Population Genetics. Many of the datasets above could be used in a population genetics project. You could use deviations from neutrality to detect population size changes or genes under natural selection (let me know if you would like papers related to these topics). You could also try running tree methods on individuals from the same population (i.e. UPGMA) to detect subpopulations and migration events in evolutionary history. Running UPGMA in a sliding window across the genome (to avoid recombination breakpoints) and then aggregating the resulting trees to make evolutionary inferences would make an excellent project (RECOMMENDED).
Hidden Markov Models (HMMs). In class we will study an HMM model for detecting population size changes called PSMC. This is a very elegant method with a software package that is relatively easy to use and often produces very nice results. PSMC can be run on individuals from almost any species with a decent reference genome.
PCA. Running PCA on a dataset (like we will do in Lab 9) is probably not enough for the entire project, but if you would like to incorporate PCA as part of your analysis, you're welcome to do so.

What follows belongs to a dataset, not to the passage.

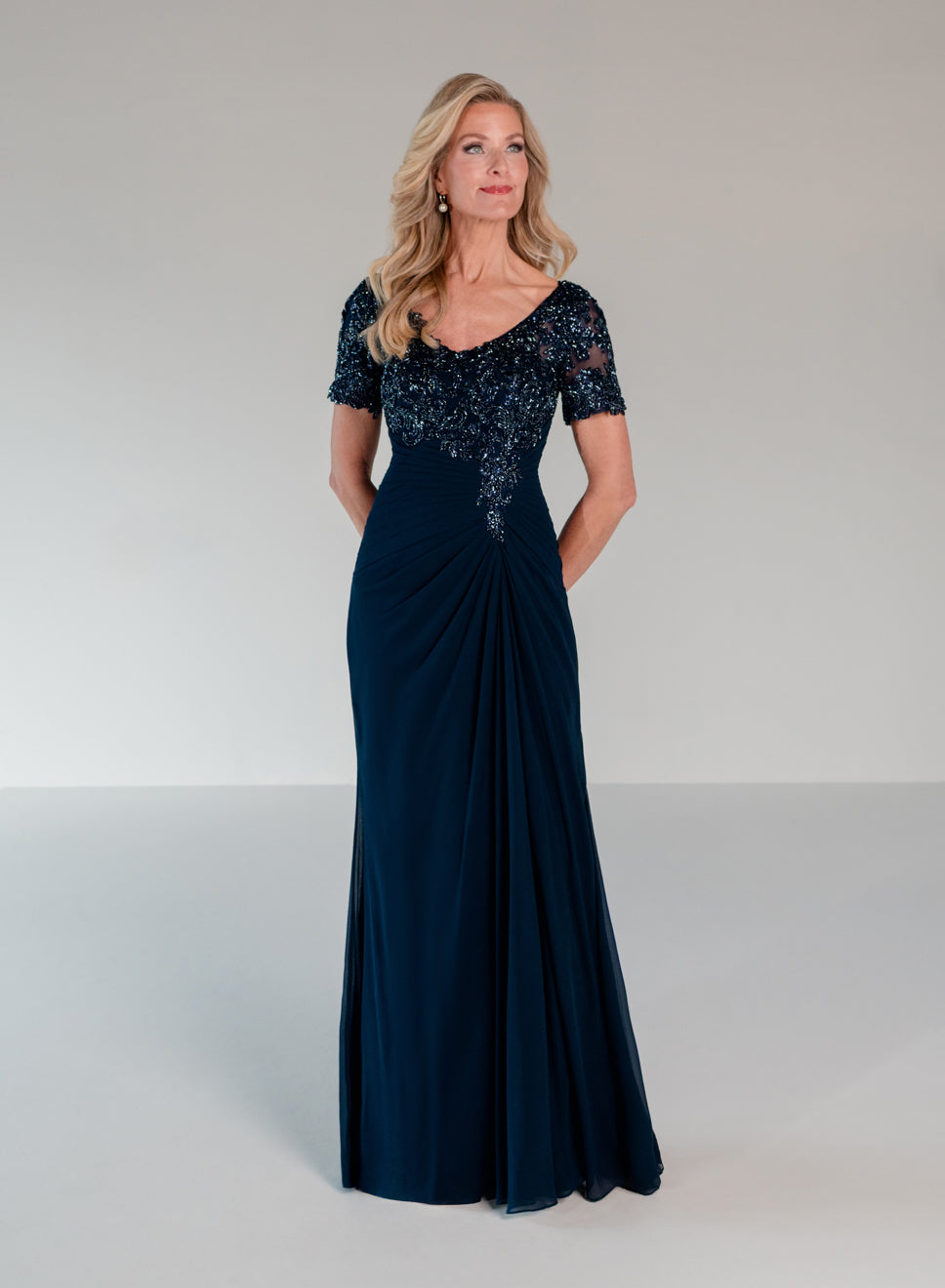 A woman modeling a floor-length navy evening gown with a beaded lace bodice, short sleeves, and a draped skirt, photographed against a neutral light gray studio background. / Slim A-line style with chiffon skirt and beaded lace bodice, V-neck with short sleeves and side front draping on skirt.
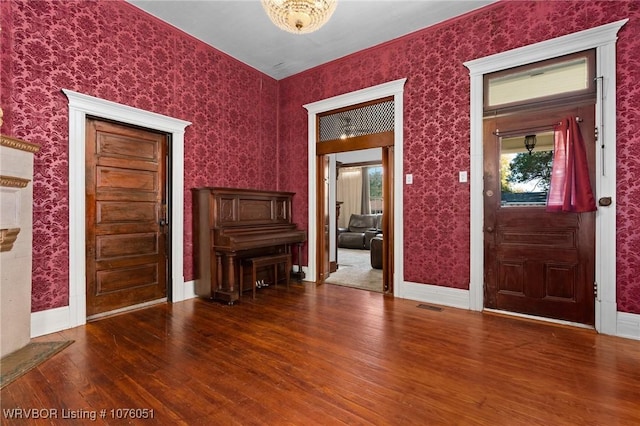 entryway with dark hardwood / wood-style flooring and a notable chandelier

It could be an entire project if you work to create a novel dataset and run PCA on that. For example, you could create a multiple sequence alignment (MSA) between humans, Neandertals, and other great apes, use the MSA to create a matrix of SNPs, then run PCA on that. Another option is to post-process the PCA results to try to link them with migrations and splits over time.
Note: I am also open to a more theoretical/mathematical project that does not involve data (population
genetics or HMMs might work well for this). If you have a concrete idea/plan for such a project, let me know.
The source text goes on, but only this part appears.